## What needs to be done
In the listing below, find the line with "The most important" and the line with "Make sure that", then return them and every line between them exactly, minus the pictures.

## Supplied material
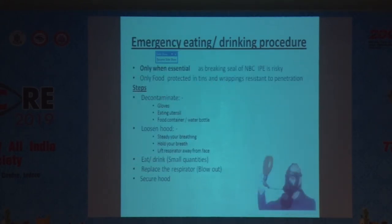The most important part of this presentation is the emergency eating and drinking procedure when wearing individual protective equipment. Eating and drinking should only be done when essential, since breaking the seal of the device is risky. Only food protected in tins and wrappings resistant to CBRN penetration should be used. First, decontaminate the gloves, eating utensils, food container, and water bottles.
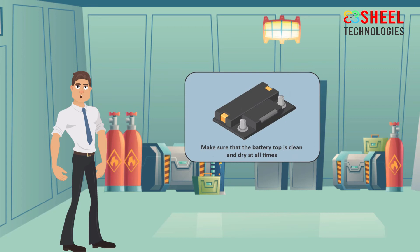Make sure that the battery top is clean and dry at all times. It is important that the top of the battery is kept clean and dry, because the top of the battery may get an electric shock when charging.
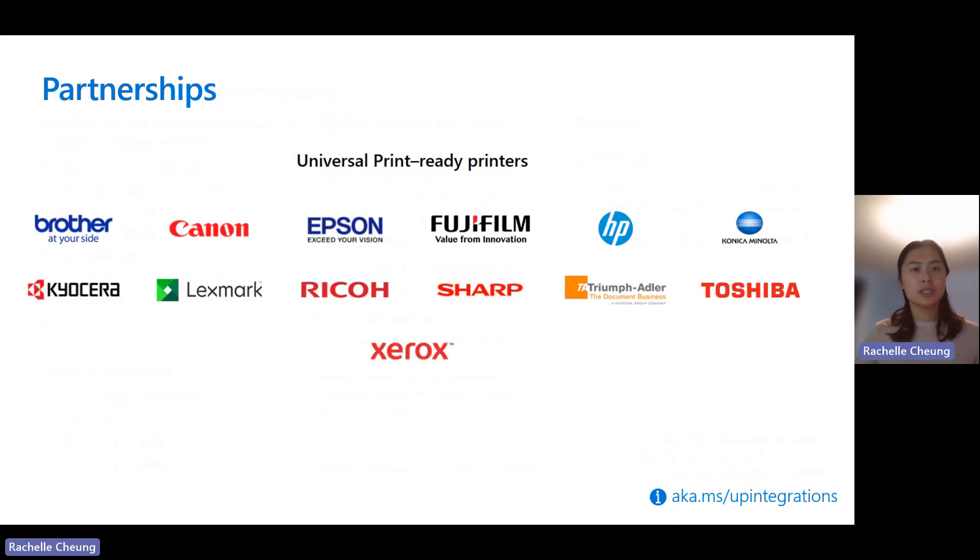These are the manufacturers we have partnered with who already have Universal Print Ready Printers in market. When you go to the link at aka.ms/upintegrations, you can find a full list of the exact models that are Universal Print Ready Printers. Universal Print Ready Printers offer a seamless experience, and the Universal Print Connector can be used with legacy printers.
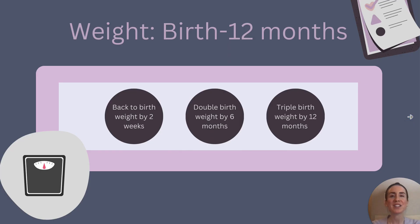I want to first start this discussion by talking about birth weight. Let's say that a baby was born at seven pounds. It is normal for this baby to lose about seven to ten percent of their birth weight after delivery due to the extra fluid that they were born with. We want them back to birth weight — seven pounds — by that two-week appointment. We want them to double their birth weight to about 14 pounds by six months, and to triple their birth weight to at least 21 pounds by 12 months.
* * *
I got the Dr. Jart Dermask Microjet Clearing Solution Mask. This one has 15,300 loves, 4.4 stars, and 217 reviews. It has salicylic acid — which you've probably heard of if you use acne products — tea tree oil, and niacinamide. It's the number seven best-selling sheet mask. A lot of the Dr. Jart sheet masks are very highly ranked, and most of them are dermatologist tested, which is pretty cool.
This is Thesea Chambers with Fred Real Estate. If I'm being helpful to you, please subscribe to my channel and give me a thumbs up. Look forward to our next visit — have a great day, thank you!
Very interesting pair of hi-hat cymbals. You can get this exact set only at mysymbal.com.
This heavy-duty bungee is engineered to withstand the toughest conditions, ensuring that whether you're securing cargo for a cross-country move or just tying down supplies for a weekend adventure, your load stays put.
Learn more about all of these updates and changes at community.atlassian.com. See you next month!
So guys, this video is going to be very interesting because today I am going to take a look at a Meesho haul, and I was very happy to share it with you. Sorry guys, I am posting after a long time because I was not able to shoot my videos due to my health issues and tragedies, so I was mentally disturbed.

## Answer section
The most important part of this presentation is the emergency eating and drinking procedure when wearing individual protective equipment. Eating and drinking should only be done when essential, since breaking the seal of the device is risky. Only food protected in tins and wrappings resistant to CBRN penetration should be used. First, decontaminate the gloves, eating utensils, food container, and water bottles.
Make sure that the battery top is clean and dry at all times. It is important that the top of the battery is kept clean and dry, because the top of the battery may get an electric shock when charging.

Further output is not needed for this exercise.